Optimism in the Canadian economy has spiked significantly over the last six months, according to Ernst & Young's latest Canadian Capital Confidence Barometer. Fifty-six per cent of Canadian executives believe the country's economy is improving, up from 29 per cent in October, with access to capital, employment growth and corporate earnings all showing positive gains.
"Confidence in credit availability has rebounded significantly," said Tony Ianni, transaction advisory services partner at Ernst & Young. "In Canada, 45 per cent of respondents reported access to capital is improving, up from only 20 per cent in October.
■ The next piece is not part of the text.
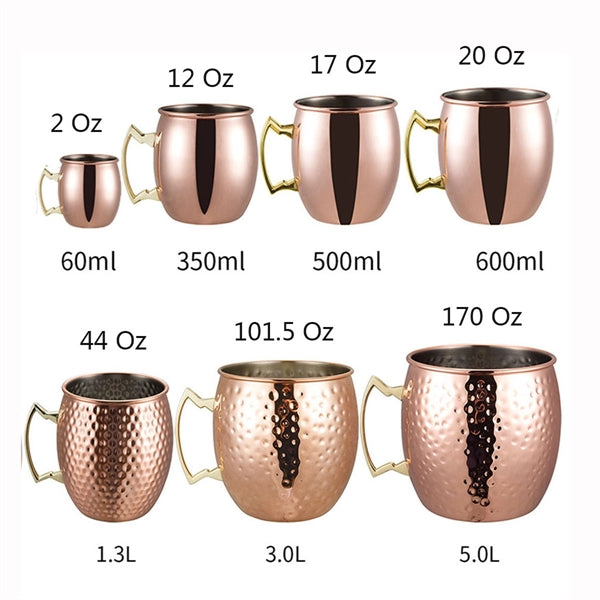 Moscow Mule Copper Mugs 2 Oz.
This is good news because with access to capital, businesses are in a better position to create jobs, invest in innovation and implement plans to grow."
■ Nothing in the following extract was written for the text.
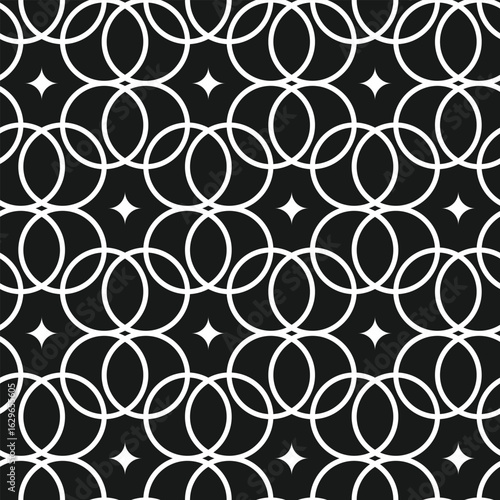 Abstract floral seamless pattern. Modern stylish texture repeating. Vector background.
More than one-third (37 per cent) of the more than 1,600 senior executives surveyed expect their business to create jobs and hire talent.
And while fewer companies expect to pursue an acquisition in the next 12 months (33 per cent, down from 44 per cent in October and 48 per cent one year ago), they're more likely to exploit technology and develop new markets and products than their United States and global counterparts.
"Canadian companies remain cautious," said Ianni. "They're focusing on their core assets and taking a wait-and-see approach when it comes to mergers, acquisitions, sales and divestments."
A supplemental survey showed 67 per cent of Canadian respondents are worried about the effect of continuing uncertainty in the global economy on their business. However, while they plan to exercise caution over the next 12 months, they're optimistic about the longer term.
"More businesses report seeing expansion in the next 24 months, and even more in the next three years," said Ianni.